The best practice for operators should be to move the control plane to a virtual machine, offering a simplified solution for network management whilst adding to the quality and value of the overall solution with hardware acceleration for the data plane. Operators need to ensure they have virtualisation and distribution management system resources in place. The role of a Virtual Network Function Manager (VNFM) is a necessity to establish close communications between the NFV manager, and therefore the software and hardware in the field.
Operators should not focus their resources on searching for a virtualised network solution that is on generic COTS (commercial off-the-shelf) hardware, without understanding the actual network or user requirements. In fact, hardware and software can and should work in tandem but it’s essential to recognise how and where that hardware runs in the network. For now, applications that require hardware assisted virtualisation require dedicated and specialised COTS hardware. It’s also important to make sure the control and data planes are decoupled for NFV. Separating the control and data planes simplifies network control and operators need to have the hardware solution in place to accelerate and deliver cost-effective, reliable application performance.
With a control plane that’s both centralised and virtualised, the next question is how to ensure the applications can meet the demands of performance, reliability, flexibility and scalability when faced with high throughput. As a result, the performance demands of certain applications, network functions and nodes such as a Security Gateway, DPI and the 4G LTE core network points towards the need for hardware acceleration at the data plane.

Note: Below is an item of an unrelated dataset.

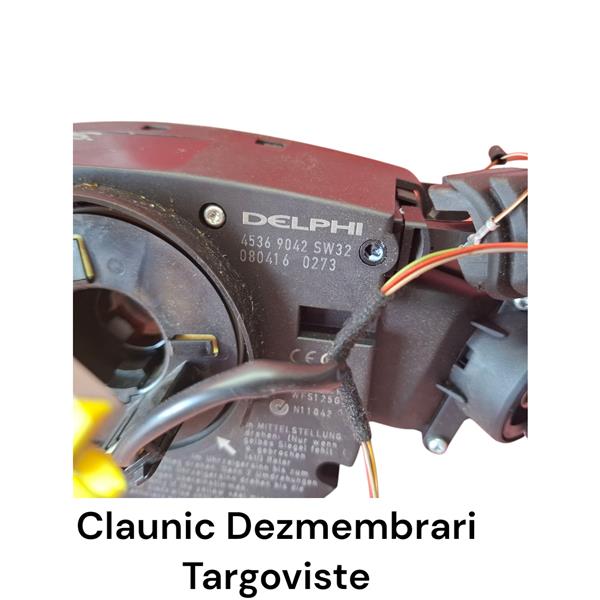 Dezmembrari OPEL - Bloc Lumini OPEL VECTRA C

Operators must now assess how they approach virtualisation. It’s an attractive prospect for smaller operators, but hardware must be included to support virtualised software. There isn’t a one size fits all solution with NFV – it’s about getting it right for the specific application or individual network function. Operators must know the best way to deploy a particular function to give the end-user the best experience. The prospect of virtualising everything may be a draw if operators are suffering from concurrent network issues, but it is essential for operators to consider the security and packet inspection implications of not using hardware to assist the virtualisation process.